■ Task goal: Write every line below out again exactly, images omitted.

■ Source material:
_ _ _ _ _

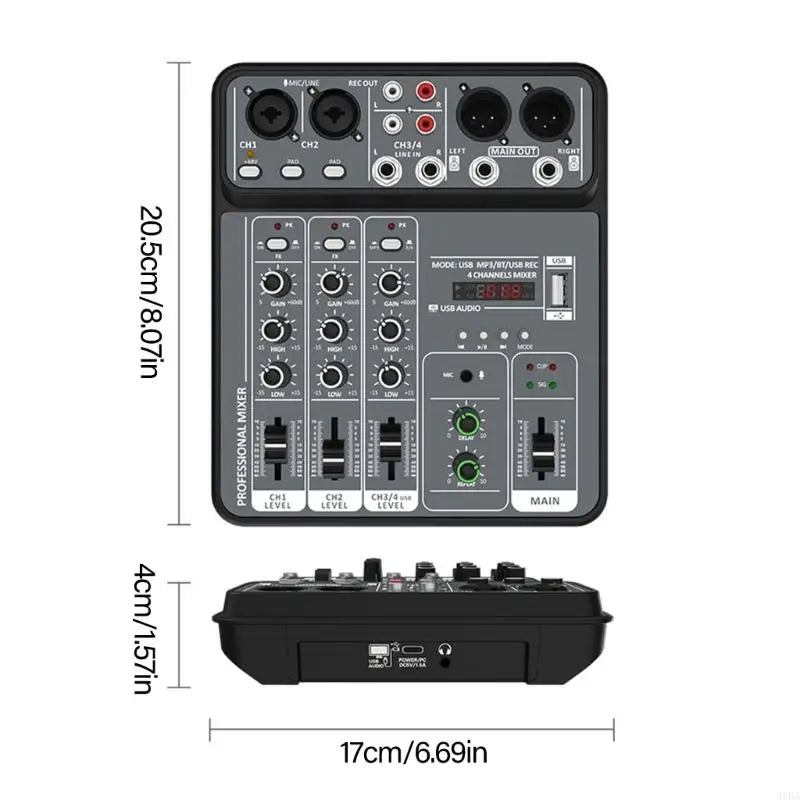 Black small sized 4 channel usb mixing console portable metal body for recording karaoke songs with multiple knobs and ports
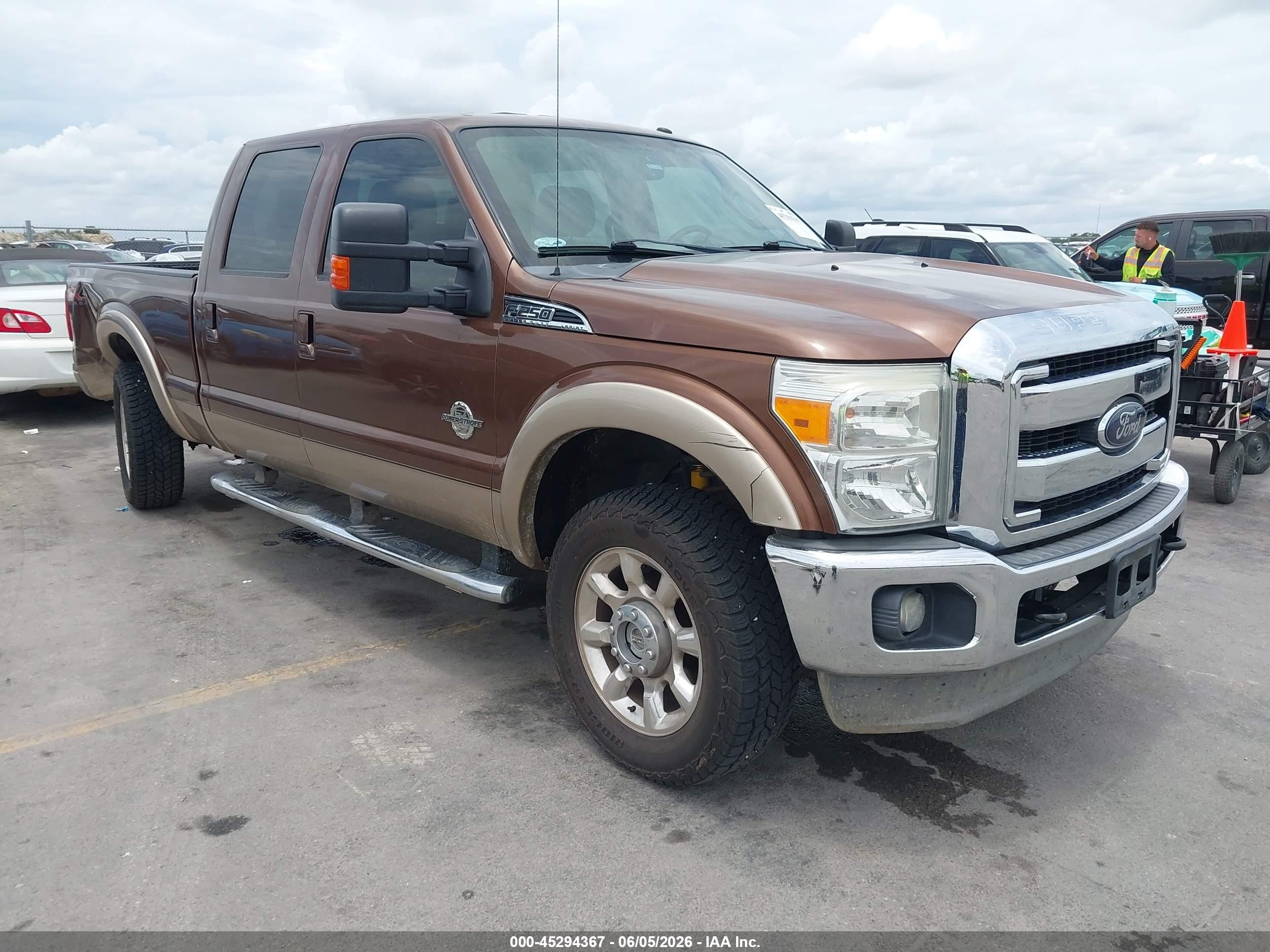 2012 Ford F-250 Lariat Brown vin: 1FT7W2BT2CEB92318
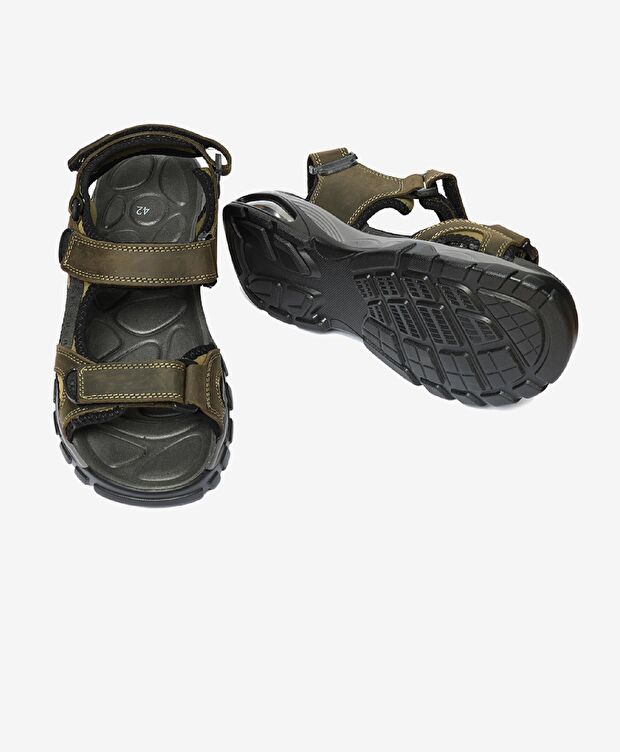 Erkek Haki Hakiki Deri Sandalet - 6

_ _ _ _ _

■ Response:
 Black small sized 4 channel usb mixing console portable metal body for recording karaoke songs with multiple knobs and ports
 2012 Ford F-250 Lariat Brown vin: 1FT7W2BT2CEB92318
 Erkek Haki Hakiki Deri Sandalet - 6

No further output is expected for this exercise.